Are they acceptable for shipping use? I can't tell if they're more of a flexible bag, or a real shipping envelope.

Thanks.


----------



## Uncle John (Mar 11, 2007)

We use this type mailer everyday, there fine and cheaper than most other ways to mail.


----------



## ashamutt (Feb 22, 2008)

Pwear said:


> Has anyone used these:
> 
> Color Poly Mailers - Uline
> 
> ...


 
Do you _want color mailers?_

They seem to be kind of expensive....
With shipping these will run you about .44 per mailer!

I get my mailers off of ebay...
500 - 12x15.5 Poly Bags White Plastic shipping Mailers
...and it only costs me 50.80!!! 
shipping included!!!!
...that's only .10 per mailer!!


I do like uline for some things though.... I get *Flap Lock Bags 9x12"* from them ...1000 for 26.00! 


just trying to help.....


----------



## Pwear (Mar 7, 2008)

Thanks!
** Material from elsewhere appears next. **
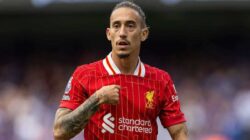 AS Roma Ingin Kostas Tsimikas, Liverpool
I'll look into those as well.


----------



## Robert H (Mar 27, 2007)

ashamutt said:


> I get my mailers off of ebay...
> 500 - 12x15.5 Poly Bags White Plastic shipping Mailers
> ...and it only costs me 50.80!!!
> shipping included!!!!
> ...that's only .10 per mailer!!


Link?



ashamutt said:


> I do like uline for some things though.... I get *Flap Lock Bags 9x12"* from them ...1000 for 26.00!
> 
> just trying to help.....


an you mail the clear ones? I thought you could only mail the colored or white ones. 

Does anyone mail the poly bagged shirts through general mail (with no issues) or do you use UPS/FEDEX?


----------



## Uncle John (Mar 11, 2007)

We send them the mail all the time. In 4 years had to replace one shirt.


----------



## Robert H (Mar 27, 2007)

whats postage like in the US for one shirt via USPS?


----------



## queerrep (Jul 18, 2006)

EnvyApparel said:


> whats postage like in the US for one shirt via USPS?


Depends on weight and where it's going. Sending from one coast to the other via USPS First Class will cost around $2.20 for a 7 oz shirt. Priority mail for one shirt would be $4.80.


----------



## Rodney (Nov 3, 2004)

EnvyApparel said:


> Link?
> 
> 
> 
> ...


I get all my shipping supplies from eBay as well. 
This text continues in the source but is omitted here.